- **AIM OF THE EXERCISE**: From the records below, extract all the text exactly and leave the images behind.

[Short text fragments from websites]
--- START ---

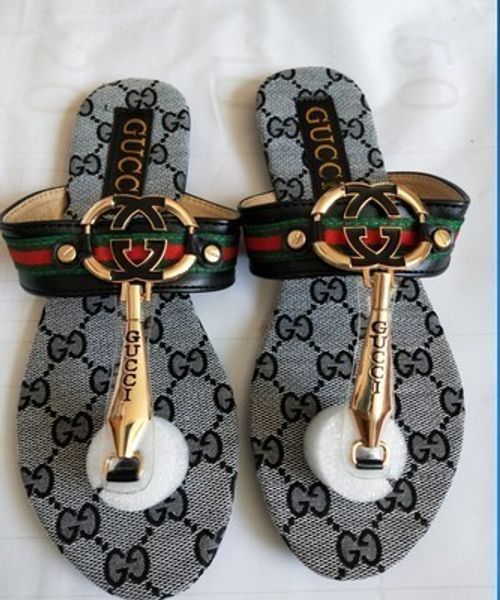 2020 brand women andal big ize de igner hoe luxury flip flop andal ummer fa hion wide flat lippery with andal lipper flip flop
2020 brand women andal big ize de igner hoe luxury flip flop andal ummer fa hion wide flat lippery with andal lipper flip flop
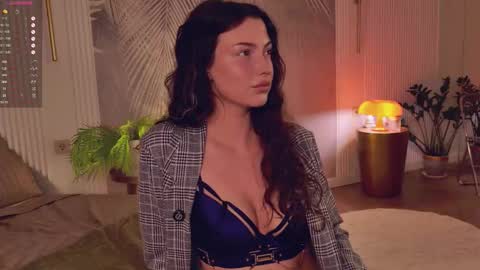 Snapshot of miley_smile chatting on 11/25/25, 05:51 Miley online show from 11/25/25, 05:51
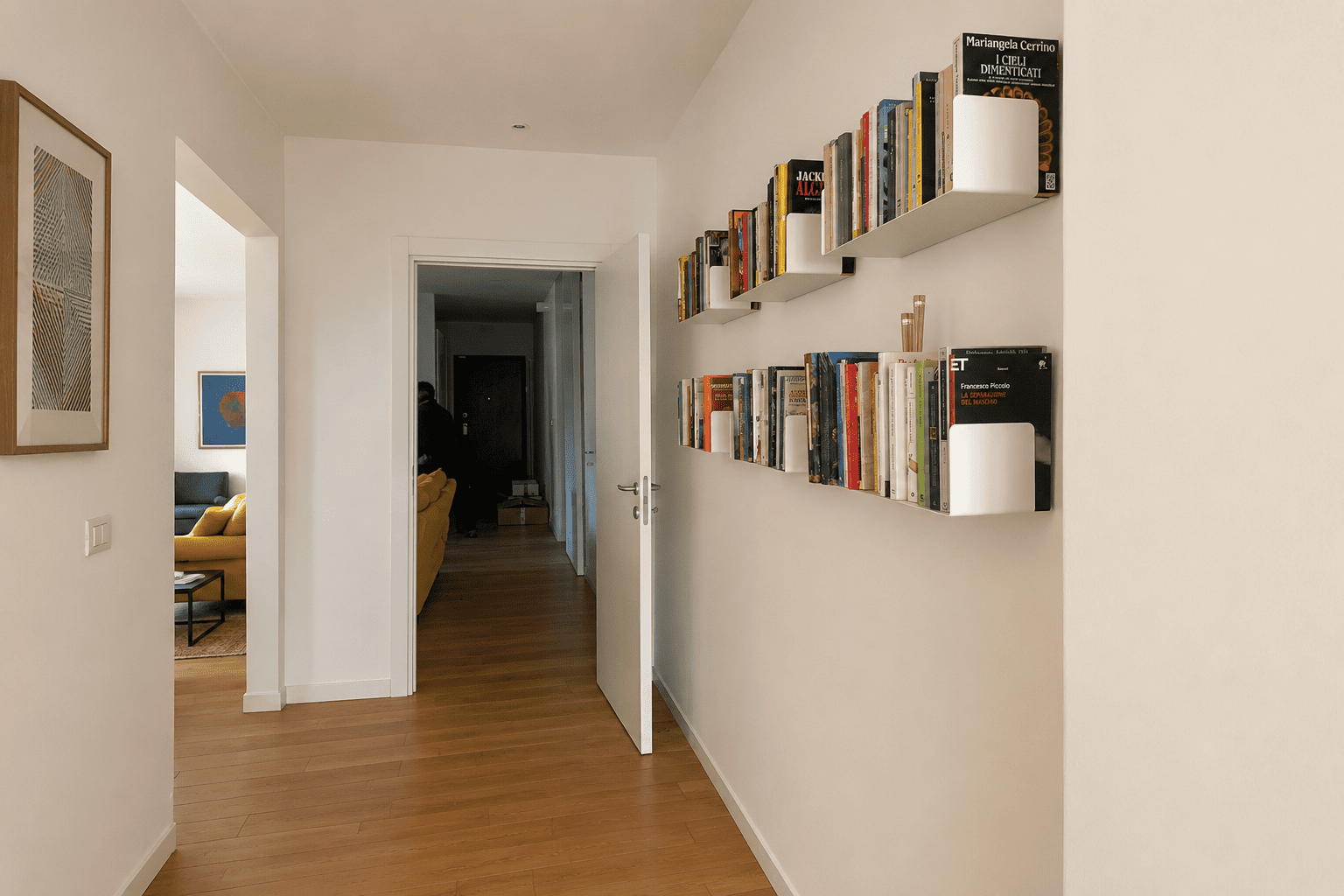 Étagère livre invisible dans un couloir moderne avec décoration minimaliste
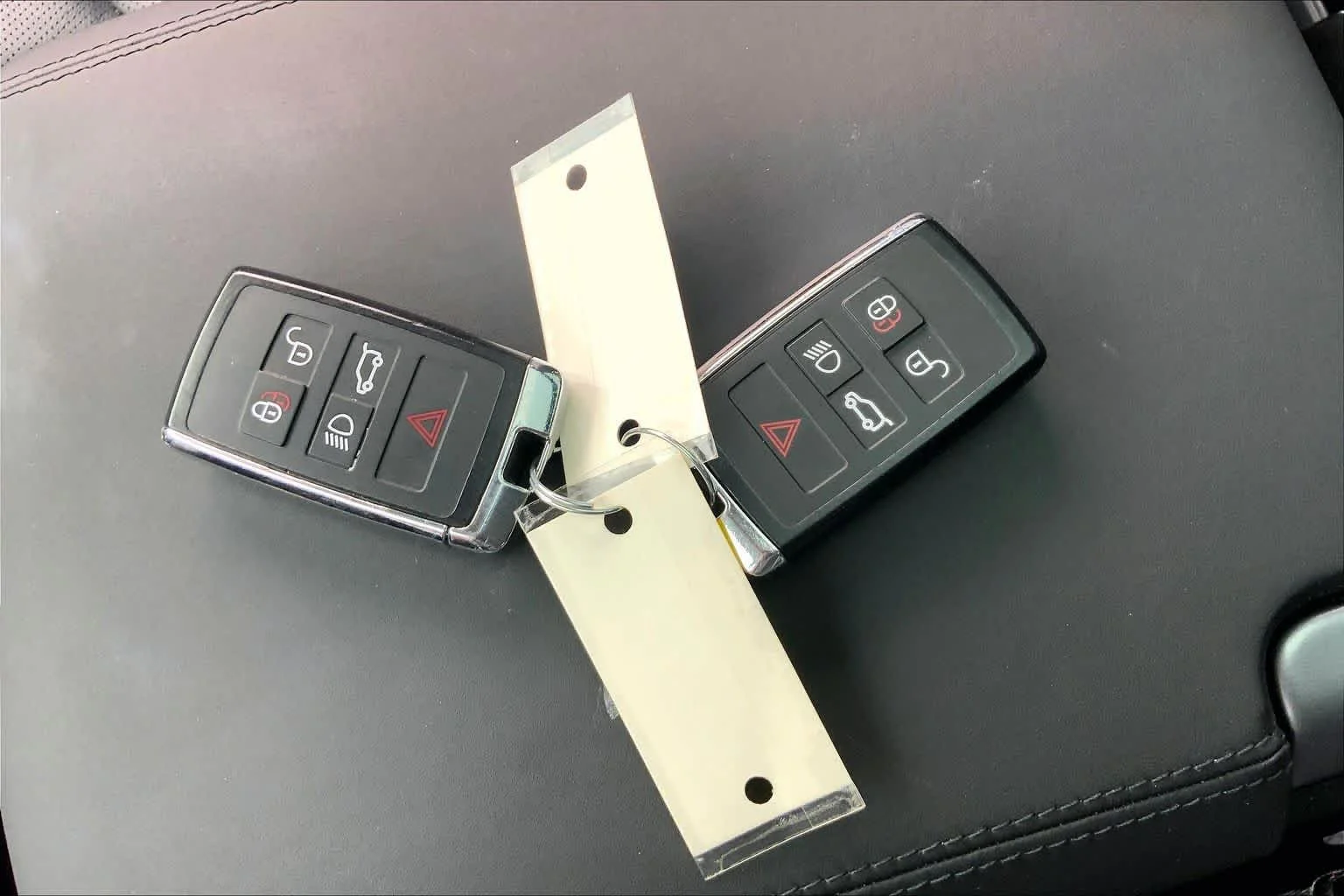 Used 2024 Fuji White Land Rover S image 15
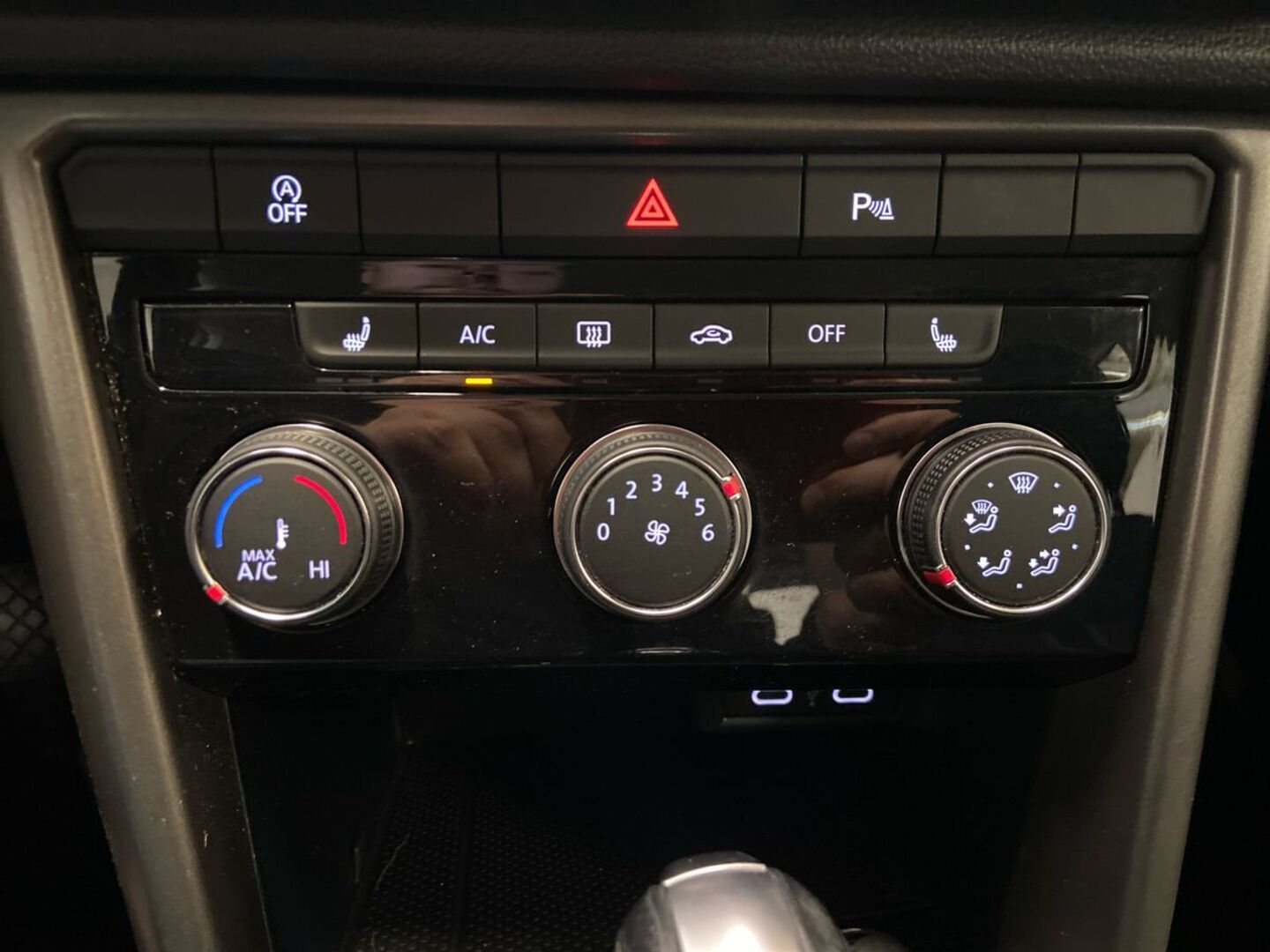 VOLKSWAGEN T-Roc 26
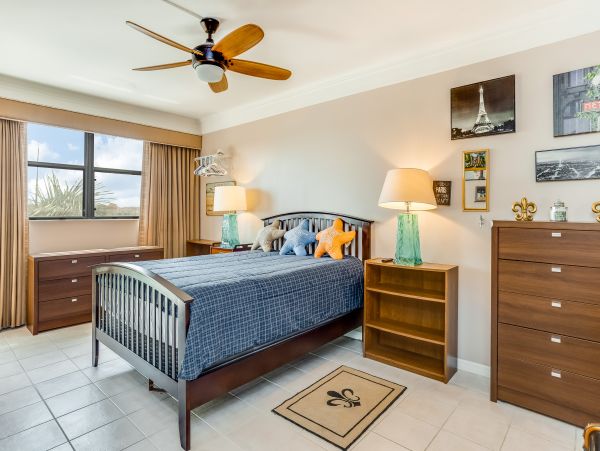 Naples Condo 962309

--- END ---

- **SOLUTION TO THIS EXERCISE**:
 2020 brand women andal big ize de igner hoe luxury flip flop andal ummer fa hion wide flat lippery with andal lipper flip flop
2020 brand women andal big ize de igner hoe luxury flip flop andal ummer fa hion wide flat lippery with andal lipper flip flop
 Snapshot of miley_smile chatting on 11/25/25, 05:51 Miley online show from 11/25/25, 05:51
 Étagère livre invisible dans un couloir moderne avec décoration minimaliste
 Used 2024 Fuji White Land Rover S image 15
 VOLKSWAGEN T-Roc 26
 Naples Condo 962309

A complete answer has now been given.